The flames are all long gone,

But the pain lingers on.

"Goodbye Blue Sky" Pink Floyd, 1979

The news media are preparing to run stories marking one year since the Sept. 11 attacks, and I agree with some readers who've written to question why the media insist on doing this.

I don't want to relive that day, a day that began with a telephone call that woke me up and ended with me watching a nighttime scene of what used to be the site of a number of buildings a familiar part of the skyline I grew up seeing looking like something out of Dante's "Inferno."

I said to someone in the newsroom at one point, "I just keep waiting for the alarm clock to go off, or to see the words The End' and the lights come up." I didn't want it to be real. But it was.

"How We've Changed" is the general theme of the media's look back, and I think it's redundant to use valuable space and newsprint to tell readers that. Things have changed in our world. All around us, we see the growth in suspicion, fear and mistrust.

We're more cynical than we were on Sept. 10, 2001. We've seen the aftermath of an unimaginable tragedy: the lives ruined, the lives lost, the tears, the suffering and the sadness.

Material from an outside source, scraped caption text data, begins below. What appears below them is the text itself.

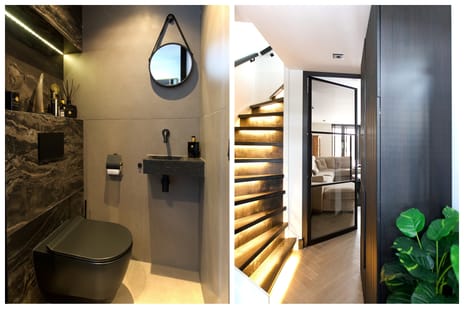 Operastraat 50 tertiary image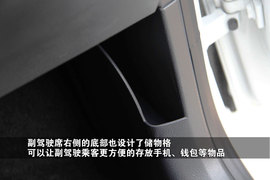 西班牙试驾全新西雅特Ibiza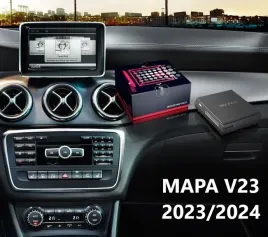 mapa-mercedes-becker-map-pilot-v23-menu-pl-2024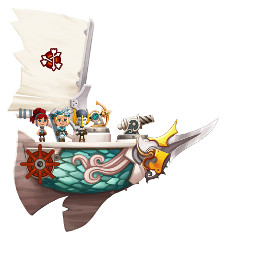 ꡼ No.024 | Ƕγ±Ĥܻؤ糤±RPG֥ѥ졼ĥȡ꡼ ǯ±פiOSǤۿ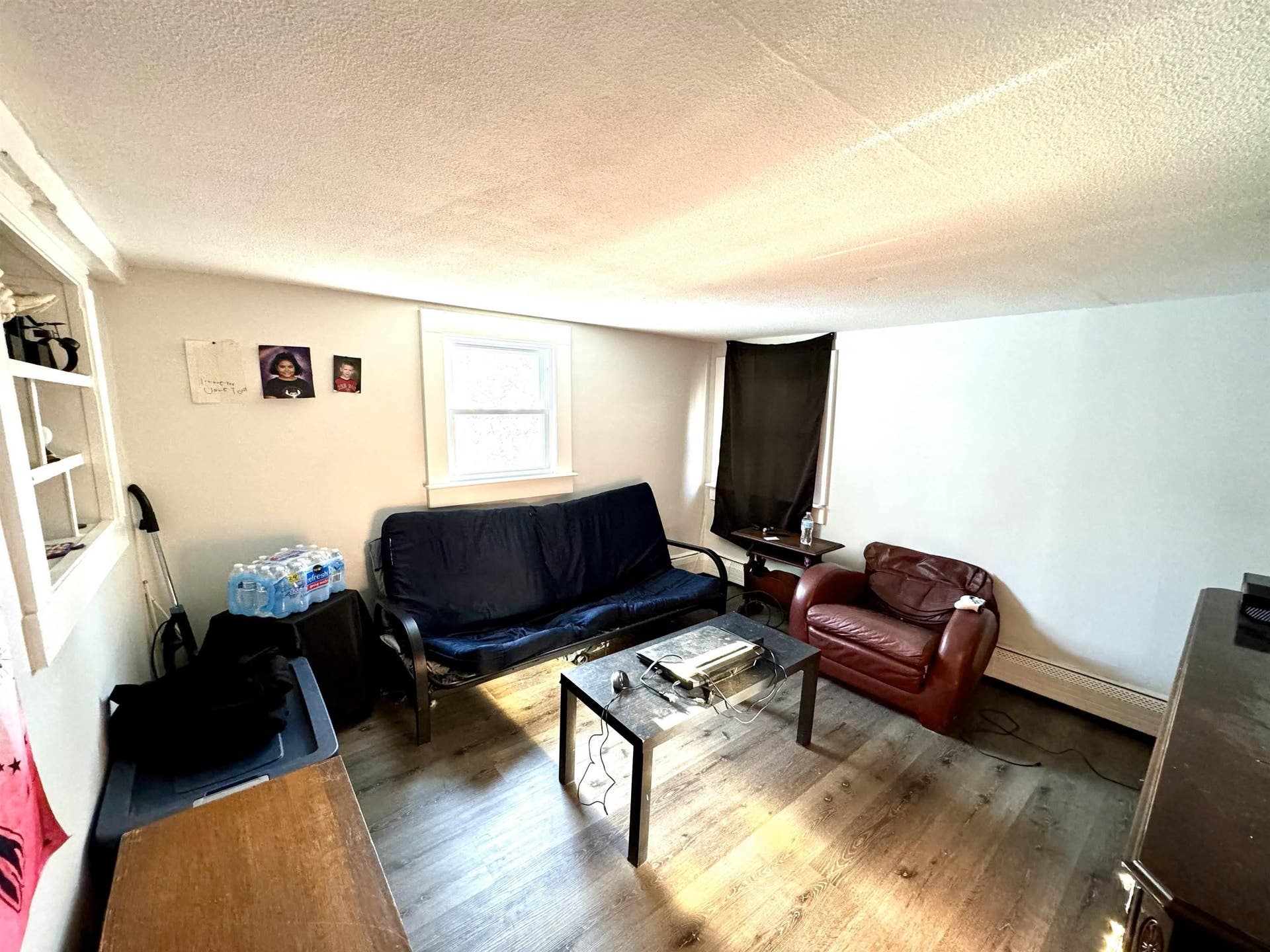 Picture 21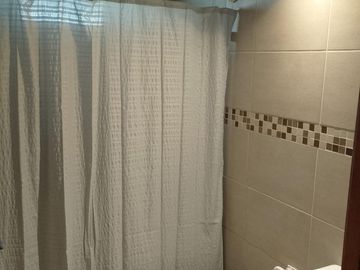 Venta Casa Lincoln – 4AMB Pileta, Galería y Parrilla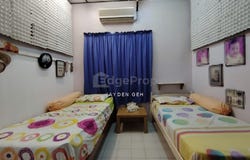 Alor Setar, Kedah 5400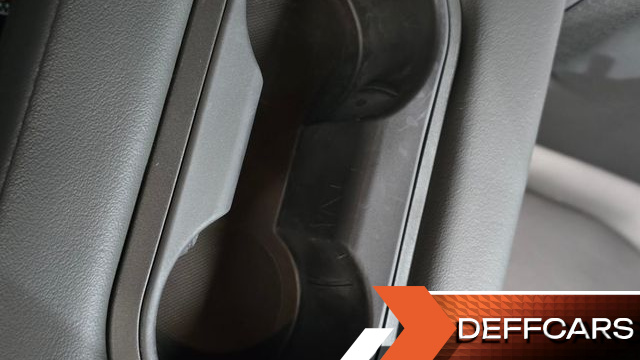 ChevroletGMDaewoo TRAX 1.4 Premier купить на сайте DeffCars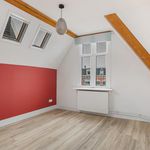 Huur 7 slaapkamer appartement van 143 m² in Vlaardingen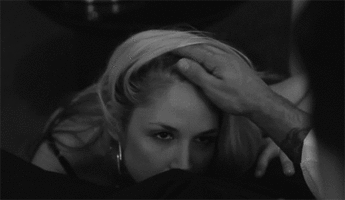 f3b3018b87273149a435649f420746d4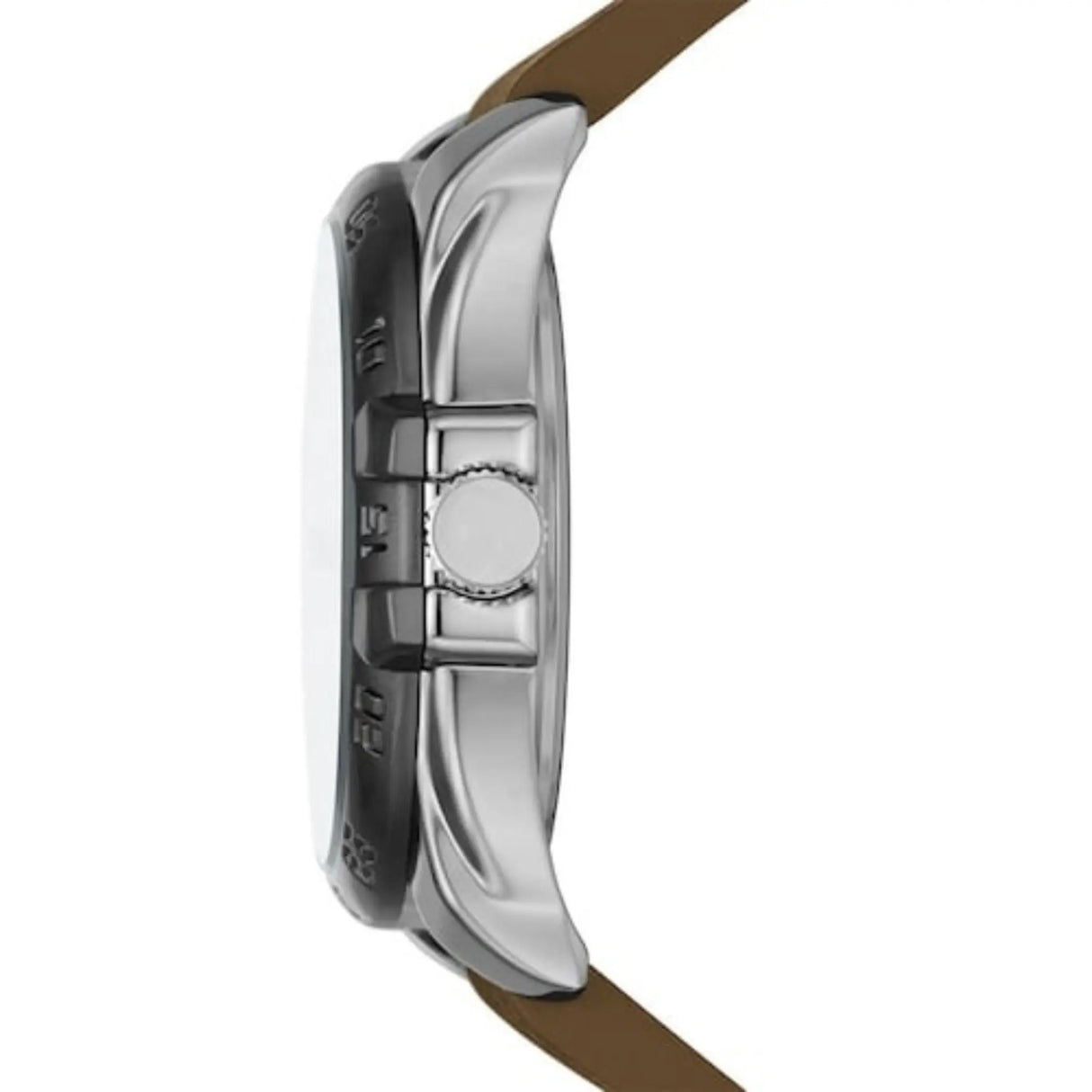RELOJ ANALOGICO HOMBRE SR5211 SKECHERS MARRON CASUAL SKECHERS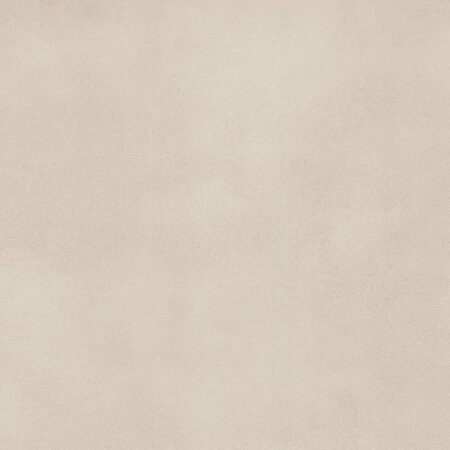 Vinil | Stucco Quartz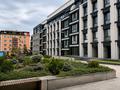 4-комнатная квартира · 236 м² · 4/5 этаж, мкр Ерменсай, Ушкемпирова 42 за 1.5 млн ₸ в Алматы, Бостандыкский р-н — фото 22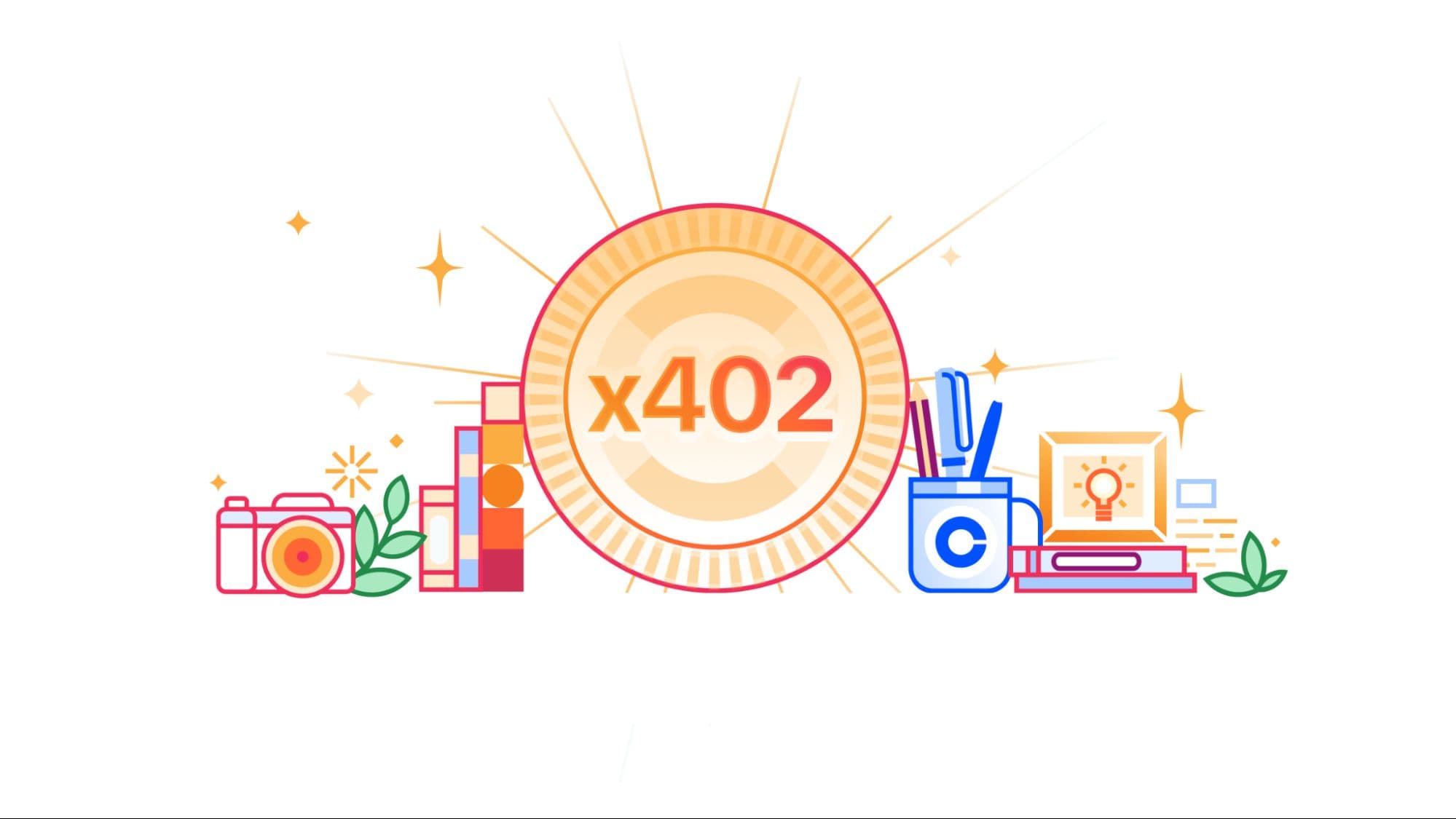 Exploring x402: Beyond Meme Coins, What Projects Should You Focus On?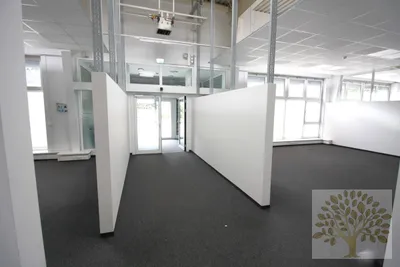 Gewerbeimmobilie mieten in Klagenfurt – 772 m², € 3 – Bild 3 von 13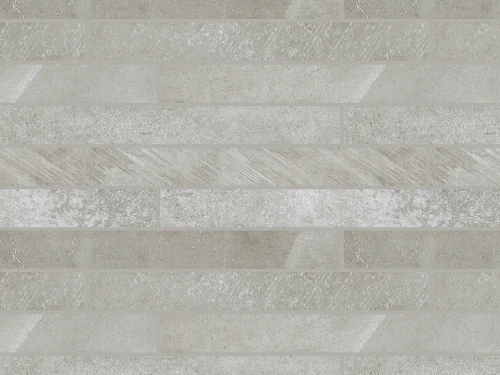 Przejdź do produktu Quintessenza Superfici20 perla mix 20X20 foglio cm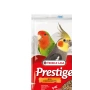 Image produit n° 1
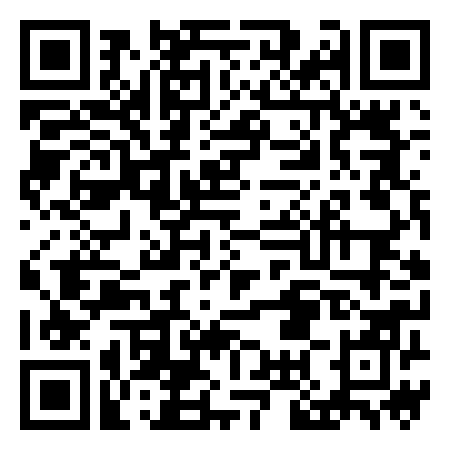 QR Code de Agustinas Recoletas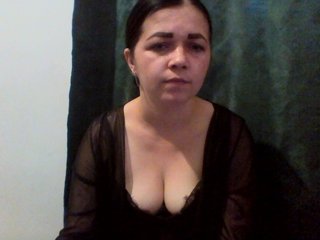 Anna332245 Porn Show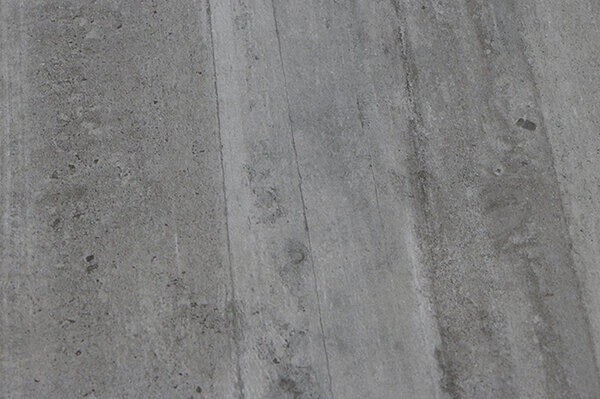 SIENA GARDEN Carlos/Corido Dining Set, Weiß/grau, Alu/Gardino®-Geflecht/Keramik, 180 X 100 Cm, Inkl. 4 Diningsessel 11 SIENA GARDEN Carlos/Corido Dining Set, Weiß/grau, Alu/Gardino®-Geflecht/Keramik, 180 X 100 Cm, Inkl. 4 Diningsessel – Bild 9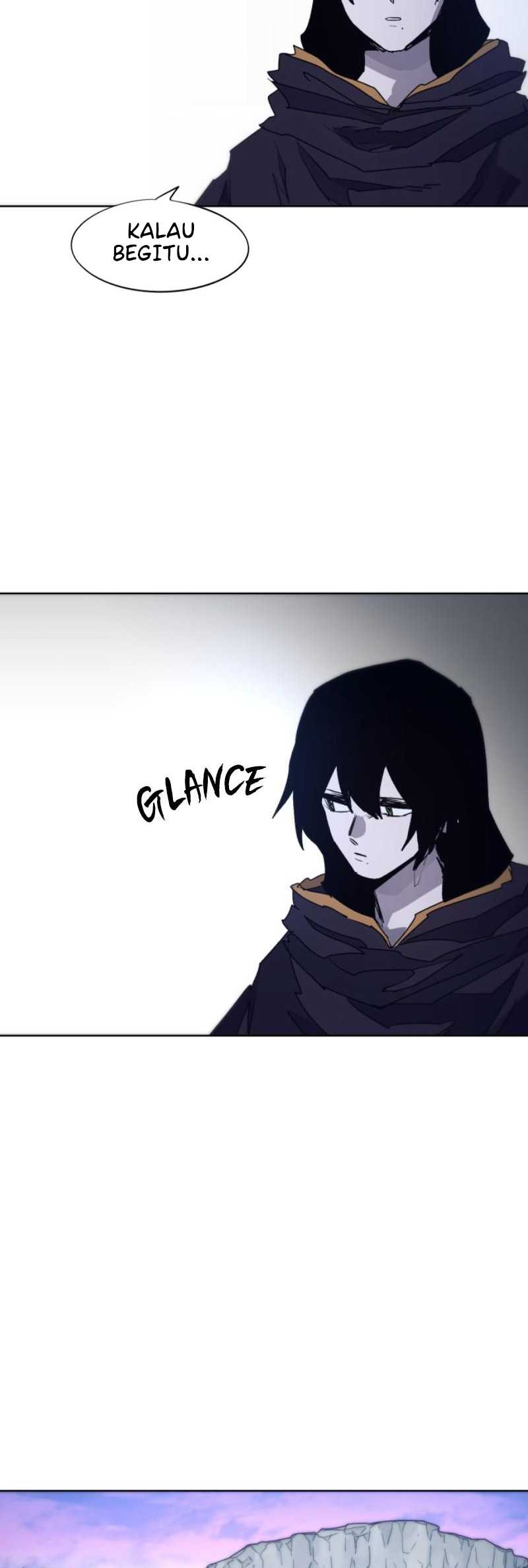 The Last Knight Of The Fire Chapter 84 Gambar 6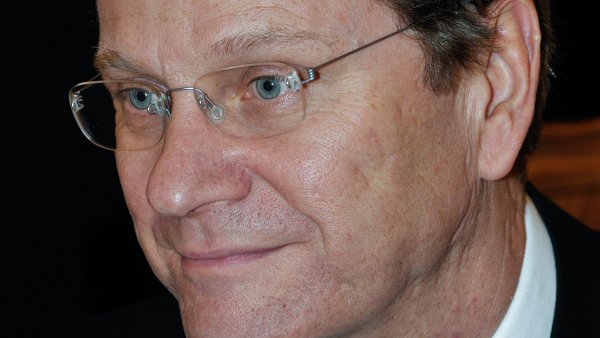 UE : l'Allemagne n'empêchera pas l'adhésion de la Turquie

But we have also heard stories of bravery and selfless courage. I've said it before and I'll say it again: For all the babble about how people in America are so self-centered and evil because they want a good life for themselves, a look at the events of Sept. 11 shows that we can rise to the occasion when need be.

Rescue personnel knew they were needed, and many paid the ultimate price for their dedication.

We've seen people try, in their own way, to heal the unhealable wounds. People who've never been to New York or ridden the elevator to the observation deck of the World Trade Center gave for those who call the city home. People who have never been to the Pentagon gave to help the families of those who died there.

And the story of a very brave group of people who may have prevented another devastating attack, and died in a field in Pennsylvania, has inspired a nation.

The thousands of victims, aboard the four flights and in the towers and the Pentagon, were the real heroes of that day. They died with their murderers, and we need to recommit ourselves to the punishment of the leaders of those monsters who decided that their version of reality trumps all others.

The families of those people who died should just be left alone to grieve in private. We know they're in pain, and you the reader or viewer know they're in pain. You don't need to open the newspaper or turn on the TV to find that out.